I realized, as I walked through the show, that this new attention to nature, just as it is, was how the Northern Renaissance took Italy’s classicism and elevated it, or maybe lowered it, in a crucial way, by essentially giving birth to realism, for its own sake. It wasn’t always done for its own sake. The game was still to convey the truths of Christianity, as the Italians did, but through darker, grittier depictions of life and death. As convincing as Michelangelo’s figures are, they remain Titanic idealizations of the human body. With Durer and then Brueghel (you can find some of this in Leonardo as well), you see the human body and the natural world as it actually is, all the more fascinating for its flaws and corruption and individuality—yet in a mysterious way this fascination with depicting the temporal world makes certain twilight spiritual states visible.
Everything I could have wanted to see was included in this exhibition, except for maybe a few more of the Apocalypse woodcuts: An Elderly Man of Ninety-Three Years; Melencolia; Knight, Death and Devil; St. Jerome in His Study; The Sea Monster; The Great Piece of Turf; Young Hare; A Blue Roller; A Tuft of Cowslip; Praying Hands; Head of An Apostle; and Whore of Babylon from the Apocalypse series.

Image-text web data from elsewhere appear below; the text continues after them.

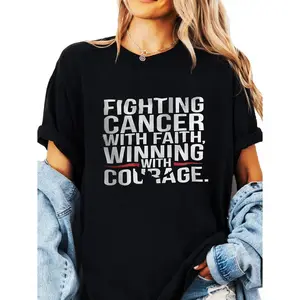 Chemo Survivor Cotton T-shirt Funny Cancer Fight Faith Courage Gift Unisex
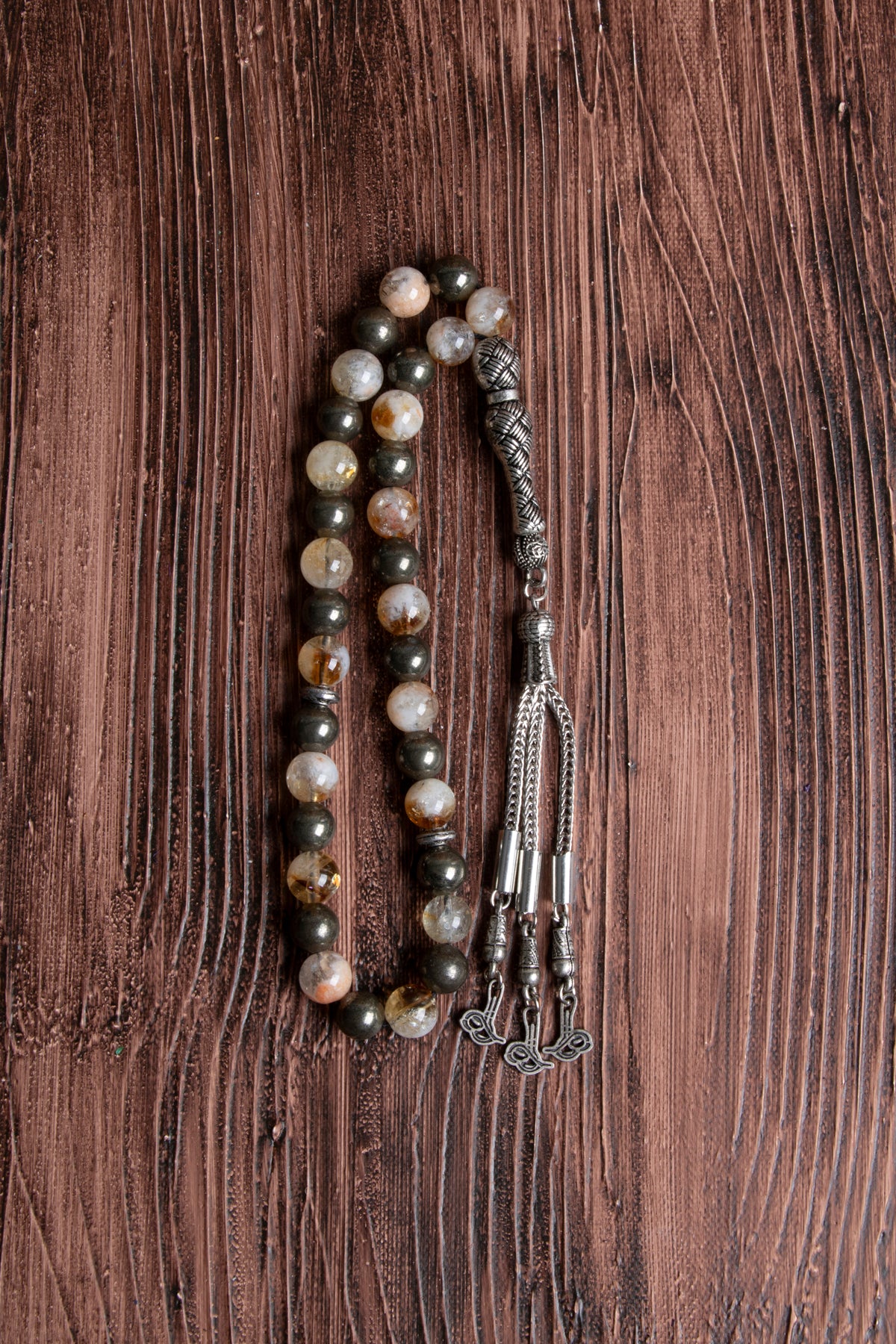 Image of Orijinal Sertifikalı Sitrin Pirit Doğal Taş Metal İmamiye Püskül Tespih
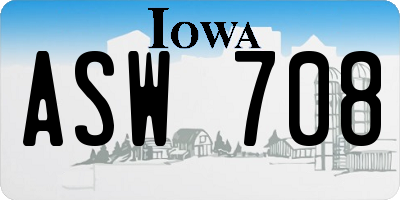 IA license plate ASW708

As I walked from room to room, the intensity of Durer’s vision seemed to accumulate, as if each successive image compounded the state of mind induced by the previous ones until I felt I were walking around inside his visionary world.
Durer was more or less a child prodigy. He grew up in Nuremburg, an exceptionally prosperous city. His father, an artist who made a living as a goldsmith, recognized Durer’s talent and nurtured it. Germany wasn’t a nation, but a region of the Holy Roman Empire, a network of cities and petty states, with large areas ruled by various princes, yet Nuremburg answered directly to the emperor who actually, toward the end of Durer’s life, offered the artist an annual pension as a reward for his work. Durer learned what he could in his teens as an apprentice and then began roaming from city to city in 1490, hoping to meet the artists whose work he’d studied. In 1494, his father summoned him home for an arranged marriage, which Albrecht suffered for two months before deciding he’d had enough and left for Italy. (He remained married, though, for the rest of his life.) He went to Italy primarily to study the “naked pictures of Italians” and thus began a lifelong analysis of human proportion. He used his journeys to find and draw animals unavailable to him in Germany. He did a marvelous drawing of a crab from life in Venice in 1495. (Years later, in the Netherlands, he finally saw an actual lion after having drawn sculptures of the animal in Italy or by working from pure imagination.) In Venice, he became friends with Bellini at a time when Titian and Giorgione were that master’s apprentices. On his trip home, he did watercolors which stand as some of the first examples of pure landscape painting in Western art, consistent with his compulsion to depict whatever he saw, with no allegorical or religious pretext to justify it.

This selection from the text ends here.